PS: this reminds me of the old "SEO isnt rocket science"-discussions. so maybe SEO *is* indeed becoming rocket science, now hehe
I mean this...if you go to the SEO conferences that cost thousands of Dollars to attend, over the past 3 years the % of people who were in-house SEOs went likely from about 1/3 that audience to about 2/3 the audience.
Doing what people like I do is becoming more capital intensive. As people like me reinvest profits into furthering our growth, and Google adds in a wider variety of signals to search, and as Google obfuscates the algorithms better ... it is becoming far more challenging to rank for some of the most competitive phrases unless you have some key points of leverage in place ( brand / social connections / domain names / capital to invest into buying marketshare & exposure / site age / link authority). You do not need all those to win a market, but increasingly you are needing more of them to stay competitive in the most competitive markets. This shouldn't be a surprising trend though, as it is what happens when markets mature.
The key is figuring out where you will be able to have a sustainable competitive advantage and sustainable margins. A lot of businesses are slowly dying because they are not willing to make big changes. Remember how we moved away from selling an ebook to offering the membership site? That was a huge high-risk change that most businesses would not have took. Most would have stuck with the old model until it was in steady decline rather than pivoting while still on the upswing.
thanks for the explanation, once again, Aaron!
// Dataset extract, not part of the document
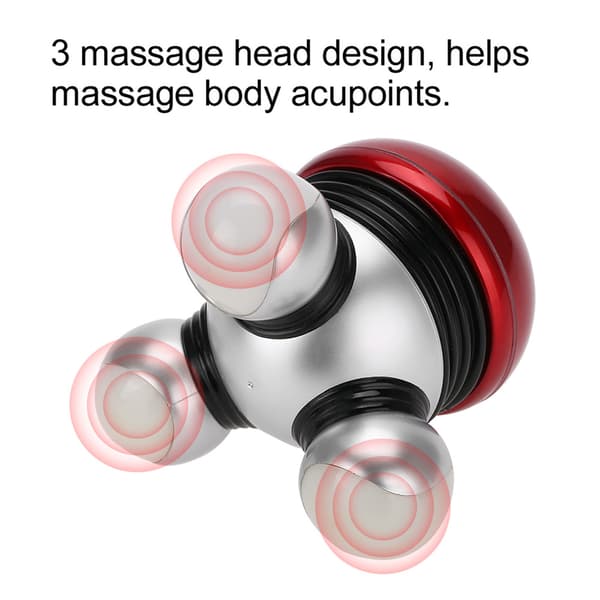 Mini Multifunktionel Cervikal Talje Helt Krops Vibrations Akupunktur Massageapparat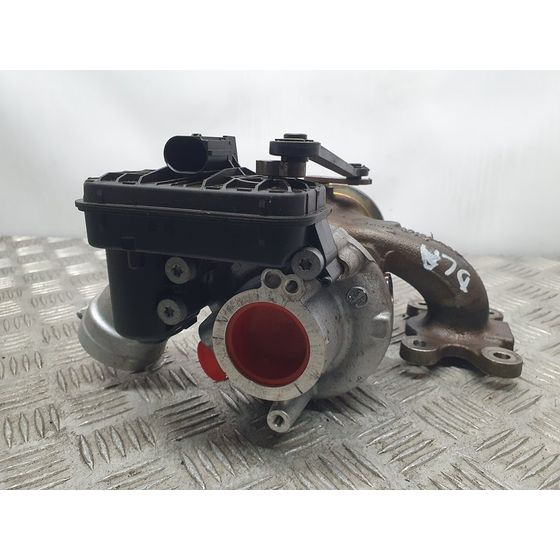 Turbocompresor para Audi A1 Sportback (Gba)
I think I do understand what you're saying...and you were apparently referring mostly to people running their own sites/businesses having an increasingly harder time to compete in Google, because of the complexity (as I had guessed, and as this recent reply seems to confirm). Of course in-house SEO isnt gonna become any easier (as a career path), because of those changes but if I get your point then the main issue is new businesses/websites having a harder time to get into google's top10. (if Im way off, feel free to tell me :D, but if im not way of no need to reply...dont wanna take up too much of your time with this stuff!).
Btw,..was gonna mention this the other day - I dont know your membership site content, but one thing that I feel your e-book lacked (dont get me wrong, I liked the book a ton, this is just feedback) was a big picture explanation of the way google works.
It tooks me four years to fully grasp (you know theres a difference between understanding something a little, and fully grasping it) that google is actually nothing but a website..that receives type in traffic and monetizes it through their (highly relevant) ads...and that they have the main goal of making money on their mind as most commercial websites on the internet ;-). once i realized that the whole stuff youre saying about google making changes to xyz possibly in order to increase quarterly earnings (admittedly i still need to figure out how shareholders fit into the picture)...all of a sudden started to make way more sense.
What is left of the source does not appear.